Она повернулась и пошла быстрым шагом, исчезая в сумерках.
20 декабря 1452.
Сегодня я был в порту, когда уходил последний корабль в Венецию. Кесарь уполномочил капитана сообщить Сигнории о конфискации больших галер. Кроме того, кесарь Константин тайными путями отправил в Венгрию просьбу о помощи. Но регент Хунади полтора года назад целованием креста скрепил трёхлетний мир с Мехмедом. Под Варной в 1444 году и под Косово четыре года назад султан Мурад убедил его, что Венгрии слишком дорого обходится война с Турцией. Я не верю в помощь, которую нам может оказать христианский мир. Мехмед действует гораздо быстрее, чем христиане.
Прошлым летом я видел, как молодой султан, весь в известковой пыли, с перепачканными глиной руками работал при строительстве крепости над Босфором, чтобы собственным примером воодушевить людей на ещё большие усилия. Даже его пожилые визири должны были принимать участие в строительстве: таскать камни, мешать раствор. Мне кажется, такую мощную крепость ещё никогда не возводили в столь короткое время. Когда я покидал лагерь султана, не хватало лишь свинцовых крыш на башнях.
К тому времени огромные бронзовые пушки оружейника Орбано выдержали мощные заряды и доказали свою силу. А когда единственное каменное ядро потопило венецианскую галеру, уже ни один корабль с Чёрного моря не рискует пробиться к нам в порт. Капитан галеры отказался спустить флаг. Его труп всё ещё висит на колу возле крепости султана, а члены команды гниют, разбросанные по земле вокруг него. Султан пощадил четверых и послал их в город, рассказать о том, что произошло. С тех пор прошёл месяц.
Кажется, кесарь Константин действительно готовится обороняться. Вдоль всей городской стены ведутся строительные работы. В стену вмуровываются даже гробовые плиты с пригородных кладбищ. Это мудрое решение. Иначе их могли бы использовать турки при осаде. Среди людей ходят слухи, что работы проводятся небрежно и впустую тратятся огромные деньги. Но никто этого не осуждает. Наоборот. Вокруг всеобщее злорадство. Ведь кесарь вероотступник и стал латинянином. Поэтому его можно обманывать, как и всех католиков. Воистину, этот город больше любит турок, чем латинян.
А на крайний случай есть в Блахернах Панагия, чудесная Наисвятейшая Дева, на чью защиту всегда можно рассчитывать. Жена пекаря совершенно серьёзно рассказывала мне сегодня, что когда тридцать лет назад Мурад вёл осаду города, Наисвятейшая Дева в голубом плаще явилась на городской стене и до того напугала турок, что они сожгли осадные машины и отступили от города в течение одной ночи.

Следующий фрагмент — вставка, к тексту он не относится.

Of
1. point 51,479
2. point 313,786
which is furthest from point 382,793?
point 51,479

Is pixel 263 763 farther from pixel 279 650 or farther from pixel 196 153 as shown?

Можно подумать, что Мурад не мог иметь для этого других причин.
Какой длинной может быть неделя! Как удивительно ждать, когда я уже решил, что ждать мне в жизни нечего. Само ожидание – это наслаждение, если пылкость и нетерпение юности давно прошли. Но поверить я могу с трудом. Может, она совершенно не такая, как я себе вообразил? Может, я сам себя обманываю? У меня есть котелок с раскалёнными углями, поэтому холод мне не докучает, хотя сегодня с Мраморного моря дует холодный ветер и в воздухе кружатся снежинки. Моё тело как раскалённая печь, излучающая тепло.
22 декабря 1452.
Скоро рождество Христово. Венециане и генуэзцы готовятся к празднованию. Но греки рождеству не придают большого значения. Их главным праздником является Пасха. Не как память о страданиях Иисуса, а как праздник Воскрешения. Их вера набожна, истова, мистическая и умиротворяющая. Даже еретиков они не сжигают на кострах, а разрешают им уйти в монастырь, чтобы искупить свои грехи. В кардинала Исидора они не бросали камни, а только кричали: «Забирай свой пресный хлеб и катись в Рим!».
Такой искренней веры и набожности, которые видишь здесь на лицах людей, пришедших в церковь, уже невозможно встретить на Западе. Там за деньги покупают отпущение грехов.
Но город всё больше пустеет. Огромная городская стена когда-то защищала миллион людей. Теперь город как бы сжался. Люди живут лишь на холмах вокруг центрального рынка и на склонах холмов возле порта. Упавшие дома, руины, пустыри, растянувшиеся между населёнными кварталами и стеной, служат скудными пастбищами для коз, ослов и лошадей. Жёсткая трава, колючие кусты, брошенные дома с провалившимися крышами и ветер с Мраморного моря.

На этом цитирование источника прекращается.